%%
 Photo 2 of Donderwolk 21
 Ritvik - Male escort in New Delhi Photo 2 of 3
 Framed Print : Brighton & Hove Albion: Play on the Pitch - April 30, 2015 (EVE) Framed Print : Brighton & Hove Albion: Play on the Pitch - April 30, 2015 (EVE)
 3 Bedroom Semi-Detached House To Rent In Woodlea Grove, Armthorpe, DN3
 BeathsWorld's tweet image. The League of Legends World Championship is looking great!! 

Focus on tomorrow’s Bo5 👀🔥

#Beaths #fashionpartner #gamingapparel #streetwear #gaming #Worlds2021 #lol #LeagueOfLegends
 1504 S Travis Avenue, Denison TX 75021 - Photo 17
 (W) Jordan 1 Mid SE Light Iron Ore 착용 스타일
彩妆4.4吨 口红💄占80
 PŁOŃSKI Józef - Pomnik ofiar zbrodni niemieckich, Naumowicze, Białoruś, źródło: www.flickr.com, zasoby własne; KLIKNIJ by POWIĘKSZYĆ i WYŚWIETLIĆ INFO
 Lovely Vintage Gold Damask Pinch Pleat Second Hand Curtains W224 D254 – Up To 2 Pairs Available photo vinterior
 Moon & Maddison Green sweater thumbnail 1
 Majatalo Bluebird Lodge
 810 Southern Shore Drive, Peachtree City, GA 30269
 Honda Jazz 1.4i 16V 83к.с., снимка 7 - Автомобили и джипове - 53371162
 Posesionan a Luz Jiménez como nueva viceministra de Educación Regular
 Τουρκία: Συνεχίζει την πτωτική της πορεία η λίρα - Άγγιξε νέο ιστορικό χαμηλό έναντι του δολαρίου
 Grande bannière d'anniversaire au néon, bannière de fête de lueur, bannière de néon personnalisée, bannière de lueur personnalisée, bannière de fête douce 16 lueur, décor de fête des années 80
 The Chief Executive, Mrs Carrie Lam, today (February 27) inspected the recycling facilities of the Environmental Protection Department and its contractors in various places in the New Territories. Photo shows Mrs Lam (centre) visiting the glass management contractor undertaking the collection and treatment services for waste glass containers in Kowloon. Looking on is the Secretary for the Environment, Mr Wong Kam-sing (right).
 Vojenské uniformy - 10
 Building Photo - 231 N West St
%%
WHAT IS BEING ASKED:
All that belongs in your answer is the stretch of entries above from the line with "Focus on tomorrow’s Bo5 👀🔥" through the line with "Grande bannière d'anniversaire", printed exactly.

SOLUTION:
Focus on tomorrow’s Bo5 👀🔥

#Beaths #fashionpartner #gamingapparel #streetwear #gaming #Worlds2021 #lol #LeagueOfLegends
 1504 S Travis Avenue, Denison TX 75021 - Photo 17
 (W) Jordan 1 Mid SE Light Iron Ore 착용 스타일
彩妆4.4吨 口红💄占80
 PŁOŃSKI Józef - Pomnik ofiar zbrodni niemieckich, Naumowicze, Białoruś, źródło: www.flickr.com, zasoby własne; KLIKNIJ by POWIĘKSZYĆ i WYŚWIETLIĆ INFO
 Lovely Vintage Gold Damask Pinch Pleat Second Hand Curtains W224 D254 – Up To 2 Pairs Available photo vinterior
 Moon & Maddison Green sweater thumbnail 1
 Majatalo Bluebird Lodge
 810 Southern Shore Drive, Peachtree City, GA 30269
 Honda Jazz 1.4i 16V 83к.с., снимка 7 - Автомобили и джипове - 53371162
 Posesionan a Luz Jiménez como nueva viceministra de Educación Regular
 Τουρκία: Συνεχίζει την πτωτική της πορεία η λίρα - Άγγιξε νέο ιστορικό χαμηλό έναντι του δολαρίου
 Grande bannière d'anniversaire au néon, bannière de fête de lueur, bannière de néon personnalisée, bannière de lueur personnalisée, bannière de fête douce 16 lueur, décor de fête des années 80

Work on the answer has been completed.